Quelles traces l’histoire collective imprime-t-elle dans les corps ? Comment renouveler la mémoire sans oublier les sombres soubresauts du passé ? Le Portugais Marco da Silva Ferreira s’empare de ces questions dans une recherche tissant des liens entre communauté et identité. C A R C A S S réunit dix danseurs métissés et deux instrumentistes qui, sur fond de batterie et de musique électronique, épluchent à leur manière les danses folkloriques standardisées, marquées par l’autoritarisme de la dictature et son immuable paternalisme. Ils les relient aux mouvements culturels ayant émergé dans les groupes minoritaires (LGBTQIA+) ou dans les anciennes colonies. Emportés par un jeu de jambes sautillant, empruntant autant à la tradition qu’aux danses urbaines, naît un flot continu de mouvements dans lesquels se percutent house dance, jumpstyle, grands battements classiques, mouvements robotiques ou encore ronde populaire. Le duckwalk (marche les jambes légèrement brisées) et les dips (chute dorsale au sol, une jambe repliée, l’autre tendue en l’air) rappellent les balls du voguing, là où la frénésie rythmée du kuduro angolais se mêle à l’ambiance fiévreuse et débridée des clubs.
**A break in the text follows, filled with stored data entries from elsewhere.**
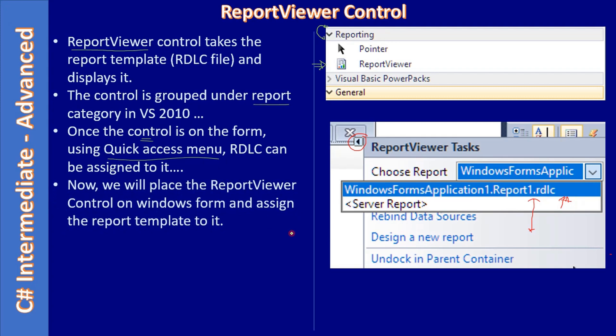Now we will place the report viewer control on Windows form and assign a report template to it. So first we will place the report viewer control, then we will assign our RDLC template.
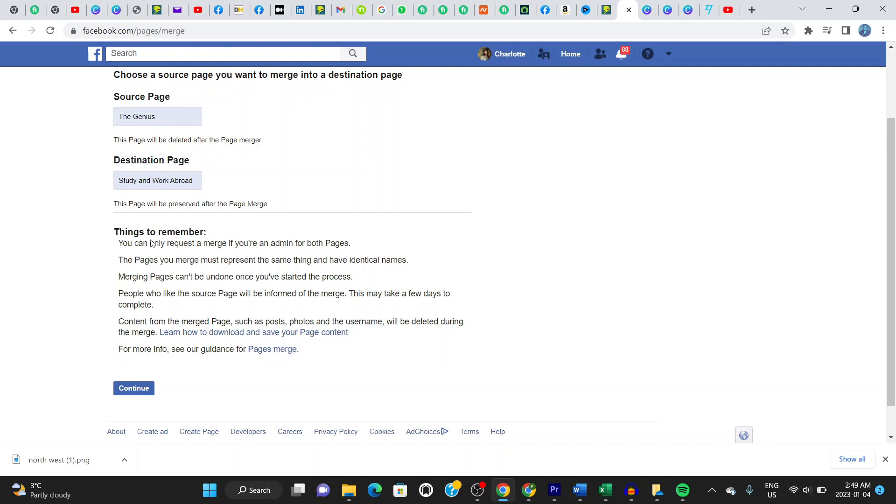It says here things to remember: you can only request a merge if you are an admin for both pages. Obviously I am in this case. The pages you merge must represent the same thing and have identical names.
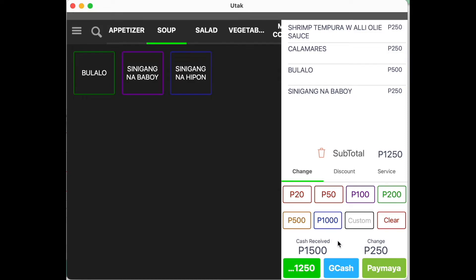Repeat the order. Once final, press the correct mode of payment. And since this is cash, we can just click on charge.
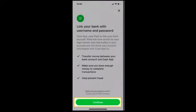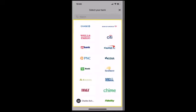After entering the amount, make sure to go through all of the information correctly and then tap on Continue, which is right at the bottom. Once you're on this page, you'll have to select the bank account from where you want to transfer the money.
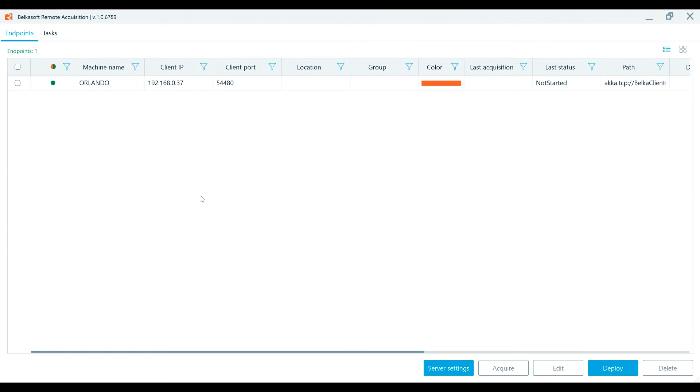Belkasoft DFIR products make your investigations quicker, easier, more comprehensive, and more effective. Download your free trial copies today at belkasoft.com/trial. Thank you for watching this video. We greatly appreciate your time and attention.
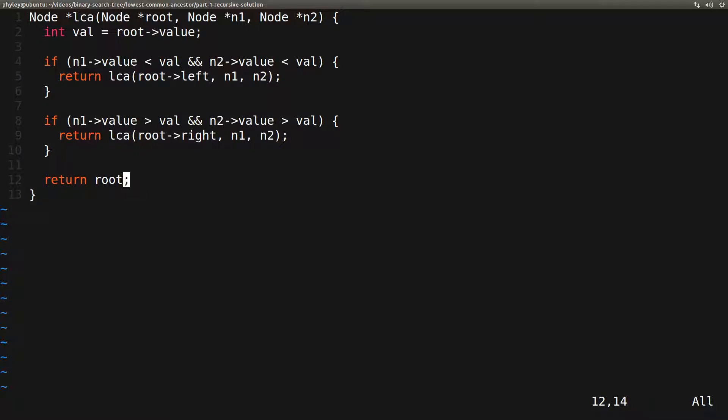Note that we don't need to worry about root being null, because we are assuming that n1 and n2 are in the tree. So in the initial call, root cannot be null, and in subsequent recursive calls, it cannot be null because we move left or right only after we've determined that both nodes are in that subtree.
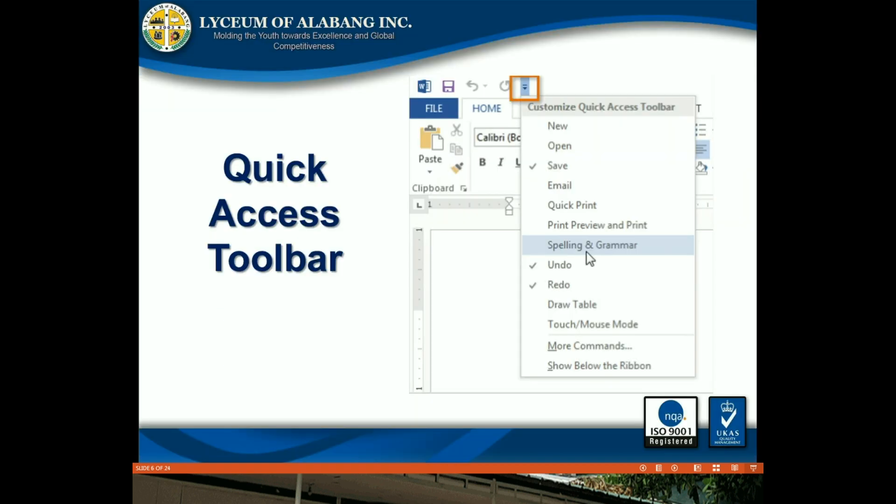Quick Access Toolbar: The Quick Access Toolbar lets you access common commands no matter which tab is selected.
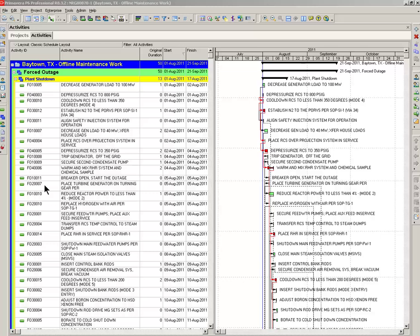Our example is a power plant project in Baytown, Texas. This is a shutdown. Currently, the shutdown completion date is September 1st, 2011 in our example. It's an old example.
Comme un fil rouge, les pas croisés, bondissant d’un pied sur l’autre, offrent une liberté en apparence totale au haut du corps des interprètes pour cheminer de concert. Ce qui pourrait ressembler à un simple melting-pot prend, par sa mise à l’épreuve de la durée et de l’épuisement qu’elle entraîne, la forme d’une quête de transcendance collective, de sens kinesthésique, de confiance en ce qui se joue par les sensations et les connexions entre gestes familiers.
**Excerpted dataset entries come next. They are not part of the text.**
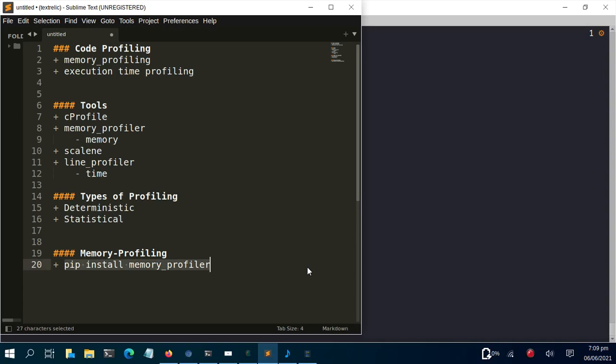Welcome back. In this session of the course, we'll be looking at how to do some simple memory profiling of our Streamlit app. Memory profiling is a way to check how much memory a portion of your code is using in RAM on your system. There's also time profiling, in which you're checking for the execution time of a particular part of your code.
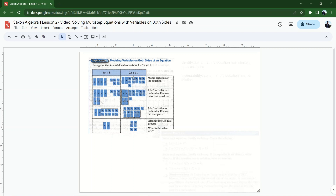Let's check back at the beginning to make sure that works. Four times three is 12, plus five is 17. Two times three is six, plus 11 is 17. It checks out. The only reason I modeled this with algebra tiles is to show that we're using inverse operations to cancel things out on both sides, and the main goal is to get x on a side by itself.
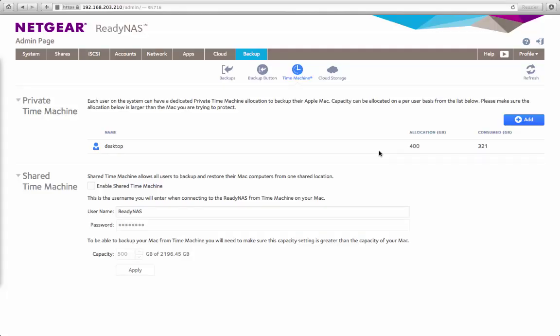Welcome to the world of ReadyNAS. Today I'll be demonstrating a new feature of ReadyNAS OS 6.2, Private Time Machine.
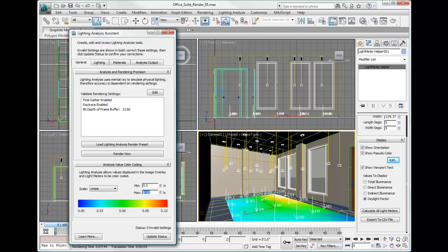Now let's capture this viewport using the tool under the tools menu called Grab Viewport. Click on Grab Viewport.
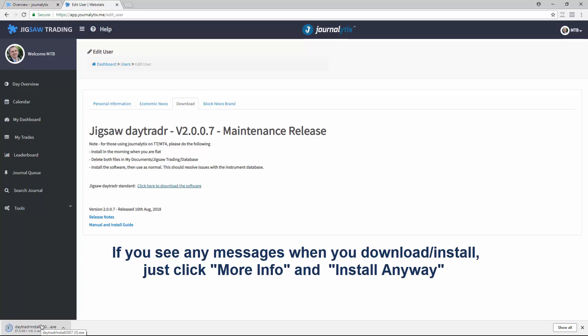If you see any pop-up messages from Microsoft during the download or install, just click More Info and install anyway.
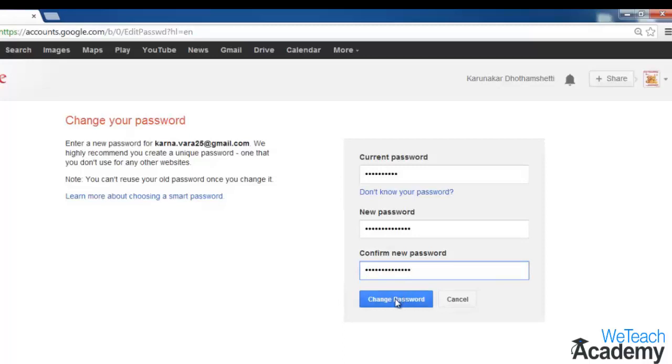Finally, when you are finished, click 'Change Password'. This will change your YouTube password.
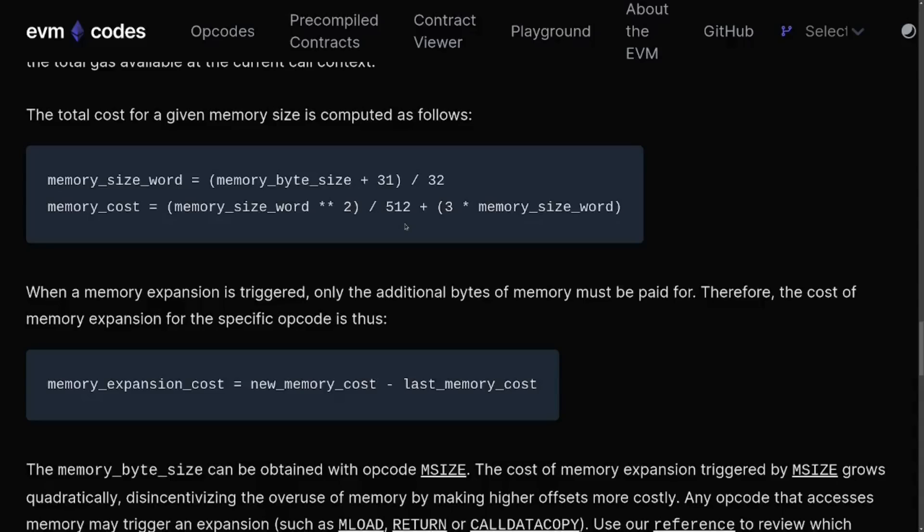The gas cost to use memory in EVM grows quadratically. According to the website evm.codes, the equation for how to calculate the gas cost is given by these two equations.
Marco da Silva Ferreira : C A R C A S S © José Caldeira
Marco da Silva Ferreira : C A R C A S S © José Caldeira

Le chorégraphe réhabilite à sa manière des danses mises de côté pendant longtemps pour avoir été vidées de leur substance et caricaturées par le salazarisme. Les lier aux éruptions identitaires et aux revendications de visibilisation et d’égalitarisme actuelles engage une réflexion politique sur l’héritage culturel, le métissage, ce qu’on perpétue et ce qui est remplacé. Les époques se percutent avec le chant révolutionnaire du Grupo de Acção Cultural formé par le poète et militant communiste José Mário Branco. Sa Cantiga sem maneiras, dont les vers se projettent sur le fond de scène, dénonce dans le même élan fascisme et exploitation des travailleurs sous la voix d’une femme. Les danseurs ont recouvert leurs académiques* troués d’étoffes colorées et enlèvent le haut qu’ils agitent comme des drapeaux flottant entre leurs bras, le corps secoué de pulsations. Ils détournent cette contrainte et les effets de la dictature, main sur le visage et doigts dans la bouche pour offrir un cri silencieux au présent, comme au passé. Même sueur et même besoin d’exploser les cases (de genre, d’identité, de pudeur excessive) dans une marche libératrice, dopée par une sensualité fiévreuse.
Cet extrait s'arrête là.